→ Scraped caption text data:
---------------

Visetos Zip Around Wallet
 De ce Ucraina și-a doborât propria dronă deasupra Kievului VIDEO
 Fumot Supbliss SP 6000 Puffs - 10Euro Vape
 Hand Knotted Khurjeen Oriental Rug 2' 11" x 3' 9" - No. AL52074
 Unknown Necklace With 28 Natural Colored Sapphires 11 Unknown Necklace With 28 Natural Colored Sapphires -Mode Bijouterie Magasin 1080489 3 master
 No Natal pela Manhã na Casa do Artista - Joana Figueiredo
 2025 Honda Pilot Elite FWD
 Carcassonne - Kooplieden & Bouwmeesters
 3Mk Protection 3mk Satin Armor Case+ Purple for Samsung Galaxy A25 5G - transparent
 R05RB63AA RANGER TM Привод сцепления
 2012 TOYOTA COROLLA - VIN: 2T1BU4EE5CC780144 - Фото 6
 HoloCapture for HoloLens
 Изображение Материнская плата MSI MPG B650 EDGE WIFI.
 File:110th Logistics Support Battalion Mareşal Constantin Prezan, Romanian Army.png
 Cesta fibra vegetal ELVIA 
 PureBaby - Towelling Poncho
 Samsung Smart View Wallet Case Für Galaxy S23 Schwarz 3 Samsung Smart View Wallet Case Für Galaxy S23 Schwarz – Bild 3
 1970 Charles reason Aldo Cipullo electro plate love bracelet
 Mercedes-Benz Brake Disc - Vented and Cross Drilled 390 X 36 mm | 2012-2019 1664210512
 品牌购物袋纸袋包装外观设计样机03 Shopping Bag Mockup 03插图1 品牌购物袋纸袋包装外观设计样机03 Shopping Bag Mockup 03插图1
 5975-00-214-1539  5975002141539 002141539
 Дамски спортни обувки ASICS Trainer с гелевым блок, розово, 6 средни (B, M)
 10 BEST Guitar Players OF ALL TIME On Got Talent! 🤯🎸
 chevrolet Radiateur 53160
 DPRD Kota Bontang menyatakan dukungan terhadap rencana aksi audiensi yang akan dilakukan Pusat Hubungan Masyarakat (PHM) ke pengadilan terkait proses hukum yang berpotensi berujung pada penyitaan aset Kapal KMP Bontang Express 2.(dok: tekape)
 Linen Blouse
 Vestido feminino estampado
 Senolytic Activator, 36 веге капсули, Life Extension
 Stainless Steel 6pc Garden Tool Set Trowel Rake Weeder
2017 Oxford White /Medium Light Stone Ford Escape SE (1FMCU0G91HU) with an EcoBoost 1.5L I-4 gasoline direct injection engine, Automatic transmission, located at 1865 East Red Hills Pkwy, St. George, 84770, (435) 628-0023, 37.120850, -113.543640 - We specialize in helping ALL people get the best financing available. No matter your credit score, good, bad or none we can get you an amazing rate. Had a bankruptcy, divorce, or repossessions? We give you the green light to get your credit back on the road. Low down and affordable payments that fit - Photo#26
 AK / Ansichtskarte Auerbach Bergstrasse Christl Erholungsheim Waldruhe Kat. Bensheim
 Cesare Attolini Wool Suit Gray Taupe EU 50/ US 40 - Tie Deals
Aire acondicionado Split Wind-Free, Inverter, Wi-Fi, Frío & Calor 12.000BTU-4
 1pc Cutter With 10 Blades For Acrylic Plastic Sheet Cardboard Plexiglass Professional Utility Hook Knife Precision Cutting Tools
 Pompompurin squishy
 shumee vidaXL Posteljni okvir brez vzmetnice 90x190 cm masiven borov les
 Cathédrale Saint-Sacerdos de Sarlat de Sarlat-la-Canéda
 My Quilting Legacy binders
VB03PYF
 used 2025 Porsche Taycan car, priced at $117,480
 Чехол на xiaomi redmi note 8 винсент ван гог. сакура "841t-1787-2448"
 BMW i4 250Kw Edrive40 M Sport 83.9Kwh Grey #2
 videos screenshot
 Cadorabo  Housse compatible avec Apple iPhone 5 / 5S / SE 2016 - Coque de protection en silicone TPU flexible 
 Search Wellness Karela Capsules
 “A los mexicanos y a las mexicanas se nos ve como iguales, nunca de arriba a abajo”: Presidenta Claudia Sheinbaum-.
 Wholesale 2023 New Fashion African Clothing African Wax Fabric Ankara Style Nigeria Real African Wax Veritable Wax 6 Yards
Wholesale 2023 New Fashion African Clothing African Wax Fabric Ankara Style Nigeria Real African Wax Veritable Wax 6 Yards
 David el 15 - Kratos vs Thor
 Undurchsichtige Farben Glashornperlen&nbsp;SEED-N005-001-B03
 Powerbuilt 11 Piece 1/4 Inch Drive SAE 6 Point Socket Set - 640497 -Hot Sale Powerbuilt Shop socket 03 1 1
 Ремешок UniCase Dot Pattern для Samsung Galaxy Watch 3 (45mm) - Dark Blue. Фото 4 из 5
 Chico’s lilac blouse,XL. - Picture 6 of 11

---------------

→ Required work: Please write out, exactly as they appear above, only the lines in the stretch from the line with "silicone TPU flexible" through the line with "Presidenta Claudia Sheinbaum-.".

→ Completed task:
 Cadorabo  Housse compatible avec Apple iPhone 5 / 5S / SE 2016 - Coque de protection en silicone TPU flexible 
 Search Wellness Karela Capsules
 “A los mexicanos y a las mexicanas se nos ve como iguales, nunca de arriba a abajo”: Presidenta Claudia Sheinbaum-.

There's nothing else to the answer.